Mengatasi Dampak Negatif Gadget bagi Generasi Z

Oleh: Gesang Ginanjar Raharjo*

(Jurnalislam.com)–Seiring perkembangan zaman, gadget bukanlah benda mahal bagi para orang tua. Dengan uang dibawah dua juta rupiah saja mereka sudah bisa membelikan sebuah gadget untuk anak mereka. Banyaknya aplikasi dan game yang mudah diunduh juga menjadikan orangtua menyerahkan urusan hiburan bagi anak mereka kepada gadget.

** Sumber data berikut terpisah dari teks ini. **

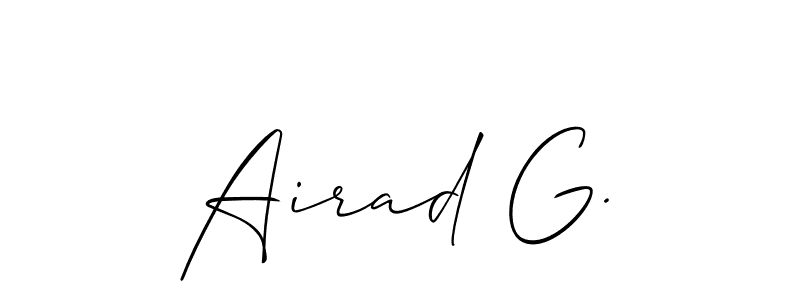 Create a beautiful signature design for name Airad G.. With this signature (Allison_Script) fonts, you can make a handwritten signature for free. Airad G. signature style 2 images and pictures png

Saat ini anak-anak kita telah memasuki masa ‘Generasi Z’, mereka yang terlahir tahun 1995-2000-an ke atas, dimana semuanya serba digital dan akses internet sangat mudah dijangkau. Disekitar kitapun banyak orang tua yang dengan mudah memberikan gadget kepada anak-anak dengan alasan supaya mereka tidak ‘gaptek’ dan ‘tenang’ saat bermain.

Akibatnya, anak sering merengek untuk memainkan gadget dalam waktu lama. Tentu sesuatu yang berlebihan akan berdampak buruk bagi perkembangan anak.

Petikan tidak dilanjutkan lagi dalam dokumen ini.